La riscossione dei premi vinti con i gratta e vinci, essendo somme di denaro, seguono regole ben precise, non potendo i soldi (soprattutto se superano una certa somma), essere riscossi da qualsiasi punto vendita.
Nel caso in cui la somma vinta sia pari o inferiore ai 500 euro, come vedremo, il premio può essere tuttavia riscosso immediatamente, senza particolari formalità.

A partire dal 1° ottobre del 2017, sulle somme riscosse attraverso le vincite del gratta e vinci, viene applicata una detrazione pari al 12% (naturalmente quest’ultima verrà applicata solo sulla parte eccedente i 500 euro).

La riscossione delle vincite, in particolare, viene effettuata in base all’importo vinto con il biglietto, tenendo conto di una serie di considerazioni fondamentali: gli importi fino a 500 euro (considerati di fascia bassa) sono riscuotibili da qualsiasi rivenditore autorizzato alla vendita dei biglietti.

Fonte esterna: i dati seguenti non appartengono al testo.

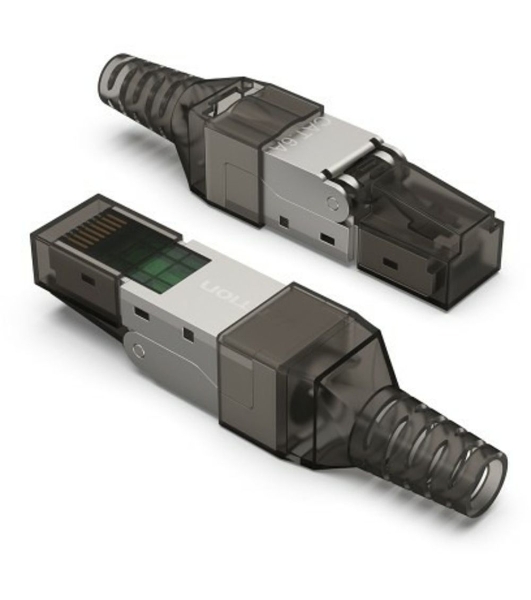 Разъем Vention полевой заделки RJ-45 (8P8C) под витую пару, для одножильного кабеля кат. 6а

Le vincite sopra i 500 euro invece, ma fino ai 10.000 (considerati di fascia media) possono essere riscosse soltanto attraverso un bonifico bancario o postale, o per mezzo di un assegno circolare, da riscuotere in un’agenzia di Banca “Intesa Sanpaolo” (il vincitore, dunque, dopo aver constatato la vincita, dovrà recarsi in un qualsiasi rivenditore autorizzato, in modo da attivare la procedura di “convalidazione” del biglietto ed ottenere la somma vinta attraverso uno dei canali appena esposti).

Gli importi superiori a 10.000 euro, infine (considerati di fascia alta), possono essere reclamate dal vincitore esclusivamente presso l’ Ufficio premi Lotterie Nazionali (s.r.l), sito nella città di Roma (inviando la richiesta di riscossione anche per mezzo di raccomandata).

Per ragioni di comodità, tuttavia (in alternativa all’Ufficio premi Lotterie Nazionali), il premio può essere reclamato anche presso un comune sportello bancario, l’importante che sia appartenente al circuito di Banca Intesa Sanpaolo (in questo caso la banca provvederà al ritiro del biglietto, consegnando al giocatore un’apposita ricevuta di conferma).